Under the framework, cooperative banks will be required to obtain explicit customer consent before offering or selling any financial product or service. Banks must clearly disclose key features, charges, interest rates, risks, lock-in conditions and exit terms before obtaining such consent.
For the first time, RBI has formally defined mis-selling in the cooperative banking sector. The definition includes the sale of unsuitable products, misleading or incomplete disclosures, sales without customer consent, compulsory bundling of products and other practices identified as mis-selling by financial regulators.
Banks will also be required to assess whether certain products are suitable and appropriate for customers based on factors such as age, income, financial literacy and risk profile.
In a significant move, RBI has prohibited the use of dark patterns, deceptive digital practices that manipulate customer decisions. The regulator has identified practices such as false urgency, basket sneaking, subscription traps, interface interference, bait-and-switch tactics and disguised advertisements as unacceptable.

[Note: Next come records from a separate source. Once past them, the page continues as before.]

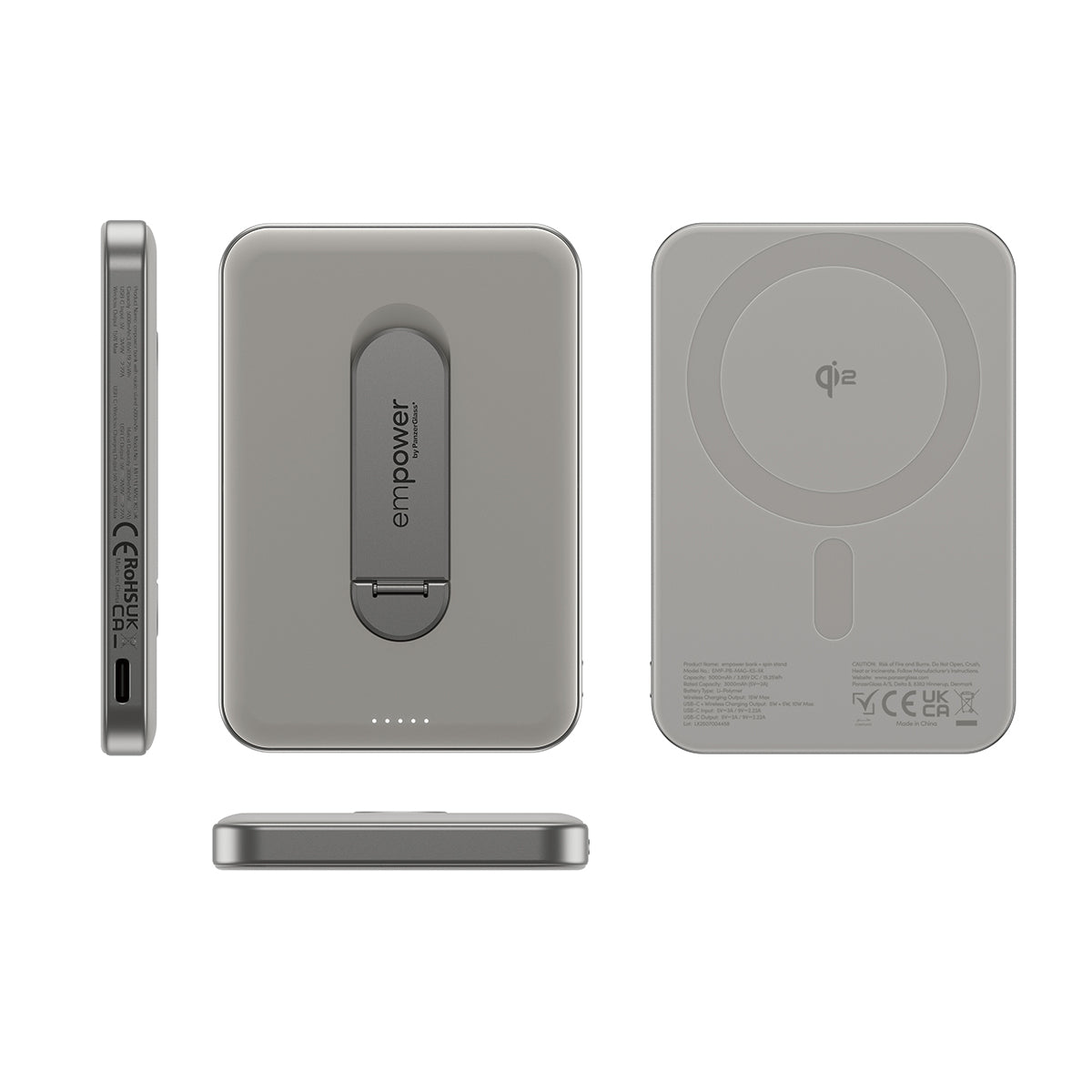 PanzerGlass MagSafe Powerbank 5000 mAh, PD 20 W, 1× USB-C, mit Ständer, für iPhone (MagSafe), Titanium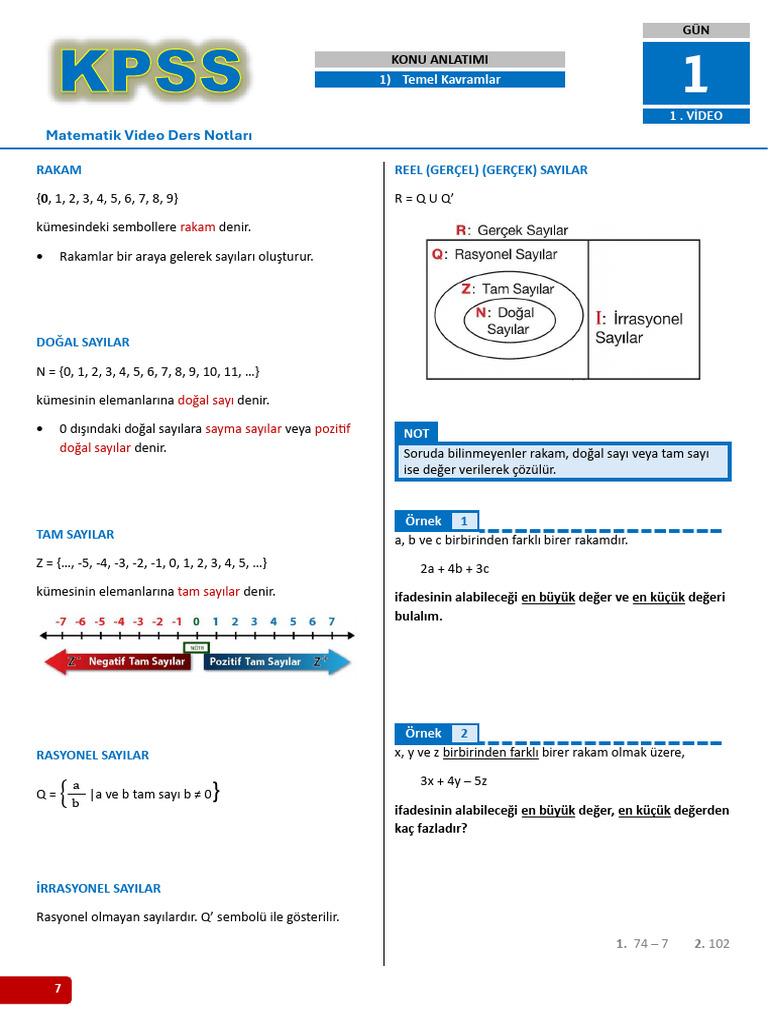 1-) TEMEL KAVRAMLAR - 1. Video | PDF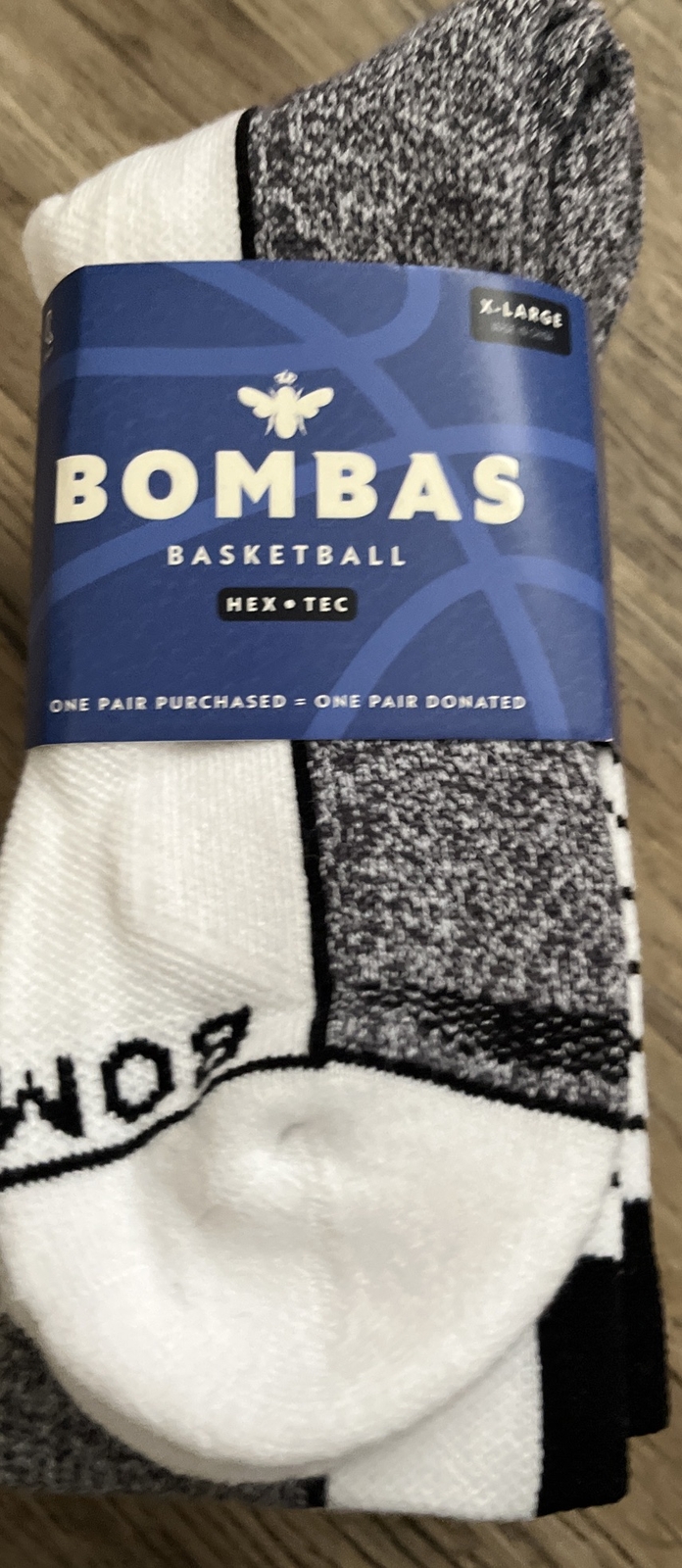 Bombas Basketball Hex Tec Calf Socks, XLarge, Gray White Black 3 Pairs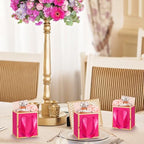 Yeaqee 50 Pcs Mini Paper Gift Bags with Handles Tag, Hot Pink, Gold - Image 6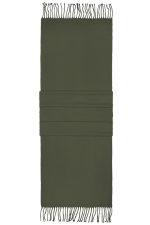 An elegant dark green scarf with fringed edges, featuring folds for a stylish design.
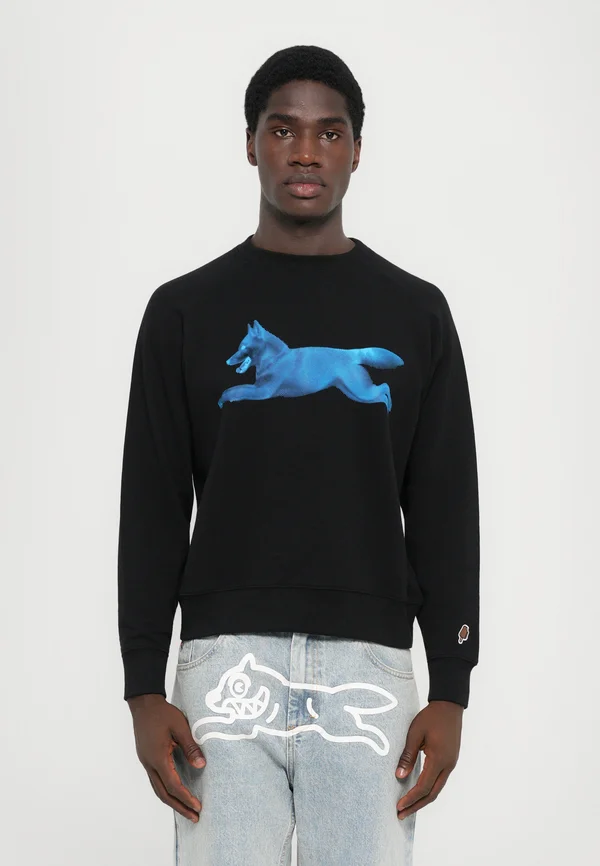 HALFTONE RUNNING DOG CREWNECK - Sweatshirt - black
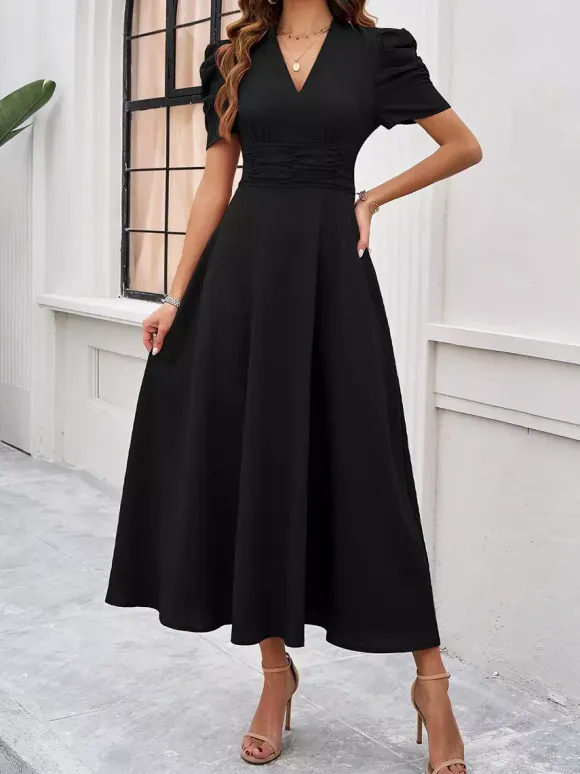 Burgundy Puff Sleeve V Neck Midi Dress For Women Elegant Chic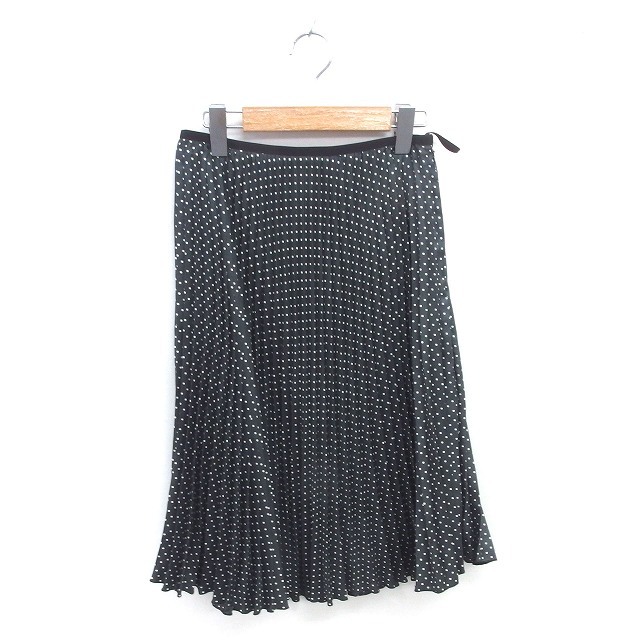 エムズグレイシー M'S GRACY プリーツ スカート ひざ下丈 ドット 薄手 サイドジップ 38 緑 グリーン /TT9 レディース拍卖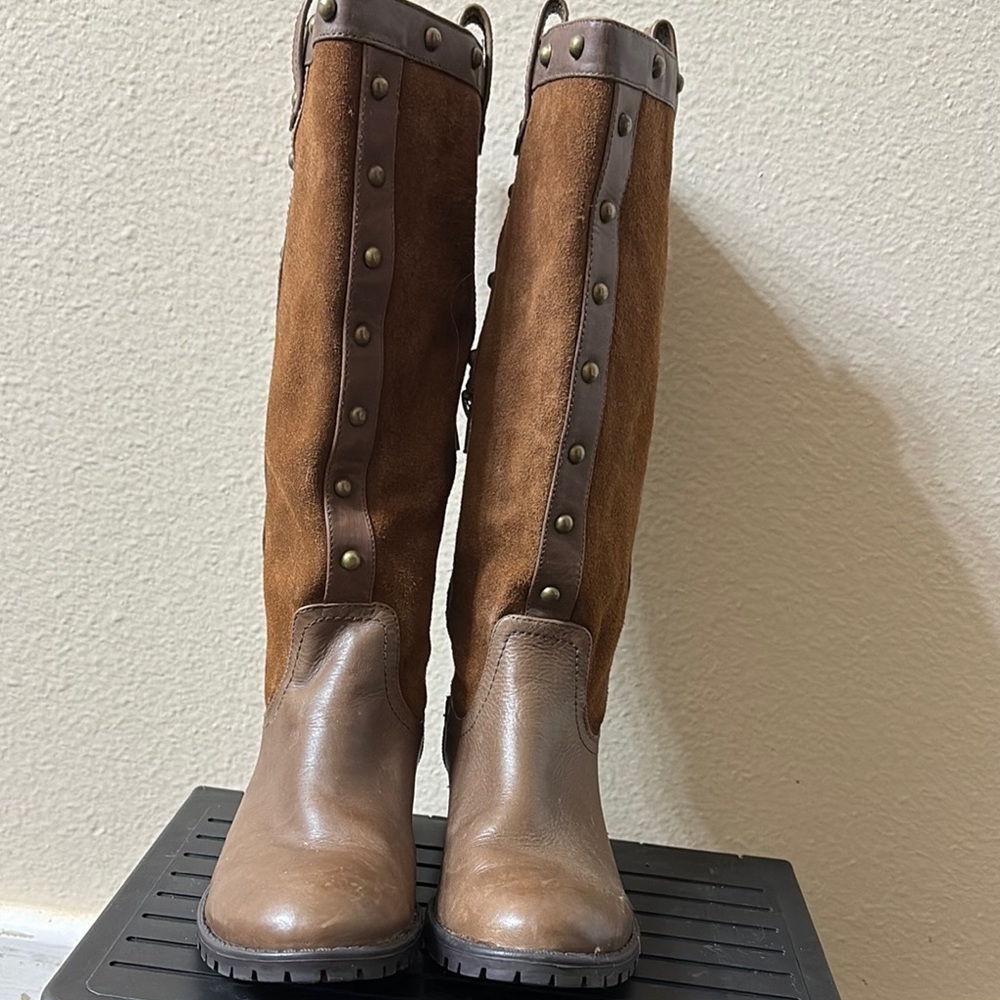 Brown Leather Knee-High Boots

The directions also require digital consent systems to ensure that customers review terms and conditions before giving consent. The default option for consent must be set to “No” or “I do not agree”.
RBI has further tightened oversight of Direct Selling Agents (DSAs) and Direct Marketing Agents (DMAs), requiring cooperative banks to maintain public lists of such agents, conduct due diligence and establish codes of conduct.
Where mis-selling is established, banks will be required to refund the entire amount paid by the customer and compensate for losses as per their approved policies.
The RBI said the revised framework was finalised after considering stakeholder feedback on draft directions released in February 2026.